The same thing could happen to B.C. and its real estate market, if the latest economic data from Statistics Canada is anything to go by.
A Thursday report showing gross domestic product (GDP) by industry in all provinces and territories provides one of the surest signs of how economies are faring across the Great White North.
It won't surprise many to see Alberta is suffering amid low oil prices.
What is fascinating, however, is when you compare Alberta's dependence on oil against B.C.'s reliance on real estate.
The graph above shows that B.C. actually became more dependent on real estate than Alberta was on oil and gas in 2015.
And while real estate in Vancouver is booming, much of that could be a reflection of how much oil prices dropped year over year.
Oil and gas went from representing over 26 per cent of Alberta's GDP in 2014, to around 18 per cent in 2015.
By contrast, real estate has grown as a portion of B.C.'s GDP almost every year since 2007. It went from over 15 per cent at that time to just over 18 per cent last year.
Condos tower over Vancouver's False Creek. (Photo: Yun Han Xu/Getty Images)
But just because real estate makes up such a strong segment of B.C.'s economy doesn't mean the sector is completely driven by buying and selling.
In fact, as University of Calgary economist Trevor Tombe noted on Twitter, much of the market leans on a concept known as "imputed rent" — an estimate of how much it would cost to rent out a property inhabited by its owners.
By living in units they could be renting out, owners are essentially paying themselves, he said.
Meanwhile, in central Canada, Ontario's GDP grew by 2.5 per cent year over year.
Maclean's reporter Jason Kirby noted that real estate (along with finance) essentially saved the province's economy even as manufacturing contracted.
And Alberta isn't the only province whose economy fell amid a drop in oil prices.
Yukon's GDP fell by 3.8 per cent — only 0.2 percentage points less than Alberta's did.

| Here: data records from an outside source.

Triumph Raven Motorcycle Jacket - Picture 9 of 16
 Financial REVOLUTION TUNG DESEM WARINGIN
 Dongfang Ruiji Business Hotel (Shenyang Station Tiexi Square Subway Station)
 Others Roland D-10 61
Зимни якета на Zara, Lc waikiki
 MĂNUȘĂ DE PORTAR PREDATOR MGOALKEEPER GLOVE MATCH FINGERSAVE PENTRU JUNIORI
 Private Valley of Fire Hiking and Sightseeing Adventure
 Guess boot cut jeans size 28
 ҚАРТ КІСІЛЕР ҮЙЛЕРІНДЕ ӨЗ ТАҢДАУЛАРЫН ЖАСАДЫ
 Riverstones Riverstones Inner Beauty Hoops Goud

StatsCan blamed the decrease on goods-producing industries falling by 21 per cent. It also noted the shutdown of a mine that produces lead, nickel, zinc and copper.
Meanwhile, Saskatchewan's GDP dropped by 1.4 per cent.
Construction there decreased by 19 per cent. This was blamed, in part, on lower oil prices, which "led to a significant drop in oil and gas engineering construction."